Kevin Fischer is a veteran broadcaster, the recipient of over 150 major journalism awards from the Milwaukee Press Club, the Wisconsin Associated Press, the Northwest Broadcast News Association, the Wisconsin Bar Association, and others. He has been seen and heard on Milwaukee TV and radio stations for over three decades. A longtime aide to state Senate Republicans in the Wisconsin Legislature, Kevin can be seen offering his views on the news on the public affairs program, "InterCHANGE," on Milwaukee Public Television Channel 10, and heard filling in on Newstalk 1130 WISN. He lives with his wife, Jennifer, and their lovely baby daughter, Kyla Audrey, in Franklin.
For decades America’s K-12 public schools have never had to worry about unemployment. A new report shows a trend in our schools of overstaffing. Hiring of non-teaching positions has grown much faster than student enrollment.
Here are some key finds of the Friedman Foundation report:
· America’s K-12 public education system has experienced tremendous historical growth in employment, according to the U.S. Department of Education’s National Center for Education Statistics. Between fiscal year (FY) 1950 and FY 2009, the number of K-12 public school students in the United States increased by 96 percent while the number of full-time equivalent (FTE) school employees grew 386 percent. Public schools grew staffing at a rate four times faster than the increase in students over that time period. Of those personnel, teachers’ numbers increased 252 percent while administrators and other staff experienced growth of 702 percent, more than seven times the increase in students.
· Between FY 1992 and FY 2009, the number of K-12 public school students nationwide grew 17 percent while the number of full-time equivalent school employees increased 39 percent, 2.3 times greater than the increase in students over that 18-year period. Among school personnel, teachers’ staffing numbers rose 32 percent while administrators and other staff experienced growth of 46 percent; the growth in the number of administrators and other staff was 2.7 times that of students.
· Compared to other nations’ schools, U.S. public schools devote significantly higher fractions of their operating budgets to non-teaching personnel—and lower portions to teachers. Meanwhile, the U.S. is one of the highest spending nations in the Organisation for Economic Co-operation and Development (OECD) when it comes to K-12 education.
· Even when student populations were dropping, public school systems were increasing staffing between 1992 and 2009.

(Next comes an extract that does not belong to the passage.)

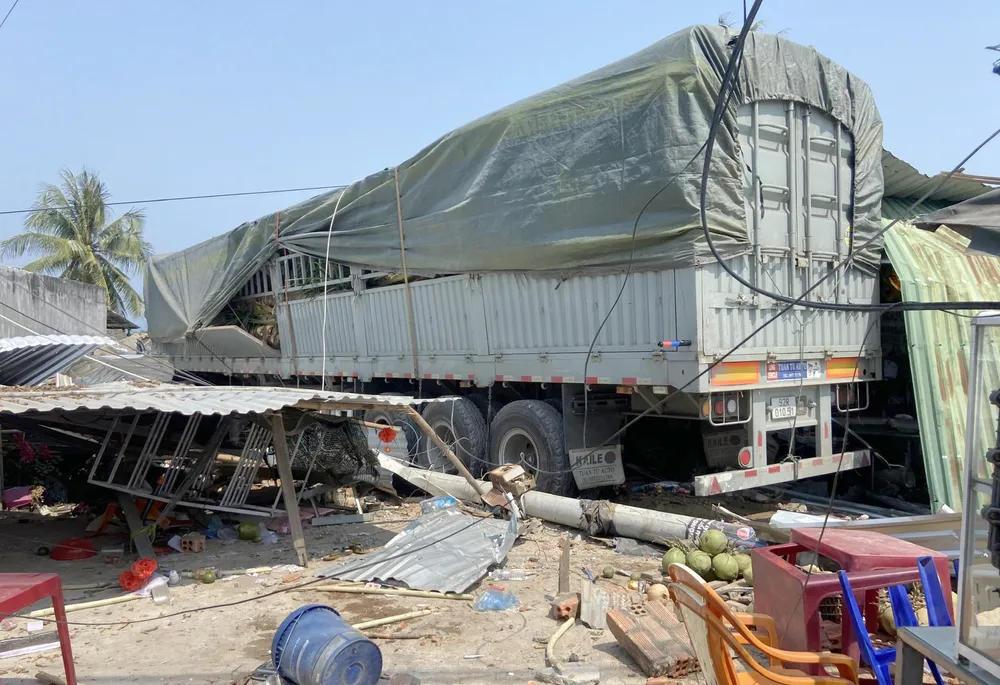 Chiếc xe tải chở dừa tông sập nhà dân sau khi tránh các ống thép rơi xuống đường. Ảnh: T.Q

· There is no evidence in the aggregate that the increase in public school staffing caused student achievement to improve.
· After the sizeable increase in the teaching force and the dramatic upsurge in the hiring of non-teaching personnel, student achievement in American public schools has been roughly flat or modestly in decline.

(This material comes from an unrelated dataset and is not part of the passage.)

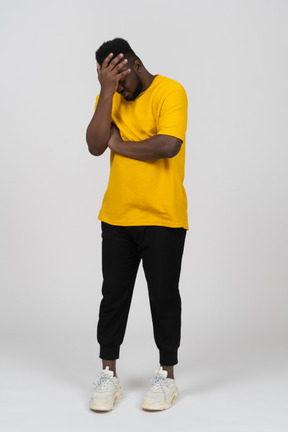 Vorderansicht eines beschämten jungen dunkelhäutigen mannes im gelben t-shirt, das gesicht versteckt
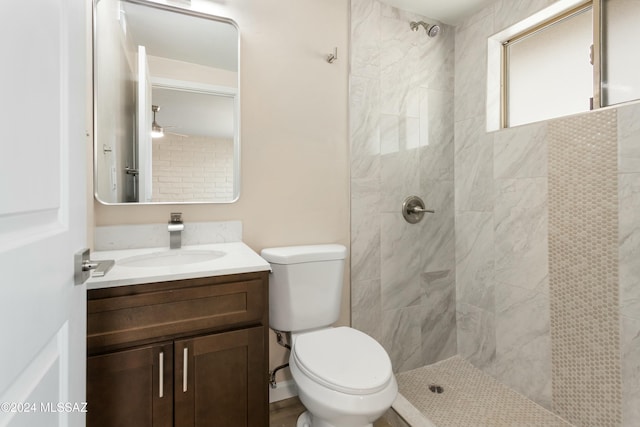 bathroom featuring a tile shower, ceiling fan, vanity, and toilet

· If non-teaching personnel had grown at the same rate as the growth in students and if the teaching force had grown “only” 1.5 times as fast as the growth in students, American public schools would have an additional $37.2 billion to spend per year.

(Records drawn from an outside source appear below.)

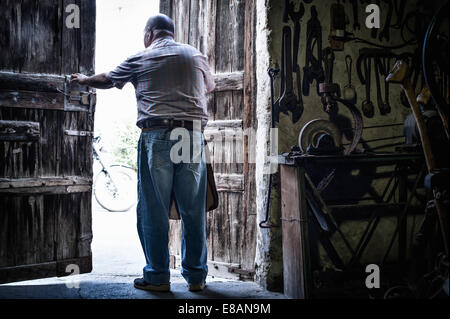 Vista posteriore del maschio anziano fabbro in apertura di sportelli della tradizionale granaio, Cagliari, Sardegna, Italia Foto Stock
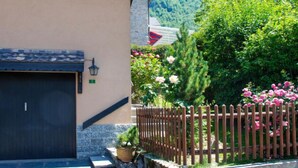 Un bâtiment avec une porte de garage sombre, un mur de pierre et une clôture en bois ornée de fleurs roses.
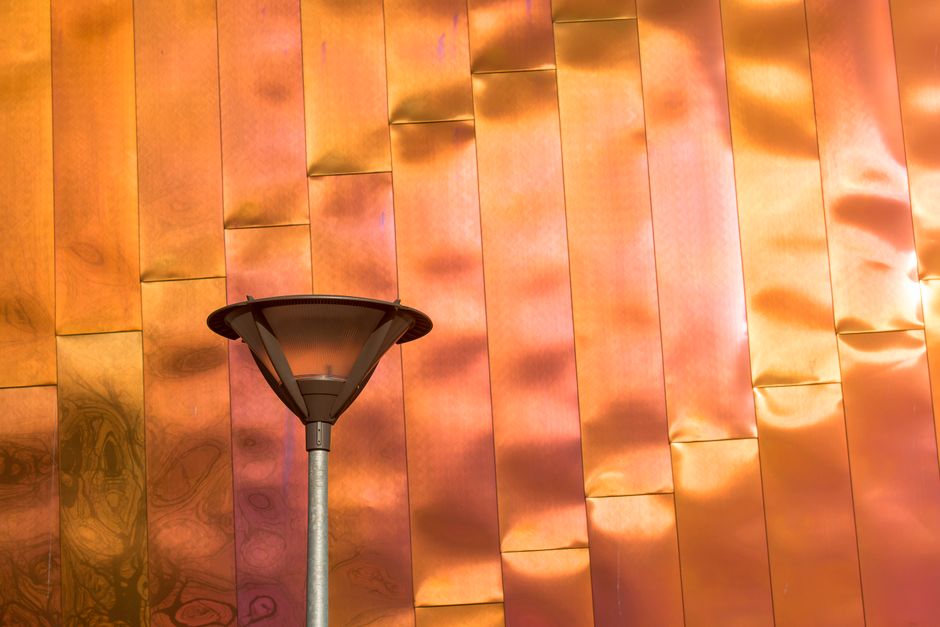 Elegant copper wall sconce in cozy lighting. Elegant copper wall sconce in cozy lighting.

Using data from the US Department of Education, the National Center for Education Statistics, and the Digest of Education Statistics from both 1994 and 2010, the report also analyzed growth in each state.
In Wisconsin from Fiscal Year 1992 to Fiscal Year 2009, the growth in students was 7%, the growth in total school personnel was 21%, the growth in teachers was 14%, and the growth in administrators and other staff was 30%.
The issue is not whether there is a lack of funding for K-12 schools. Rather, the issue is that they spend too much.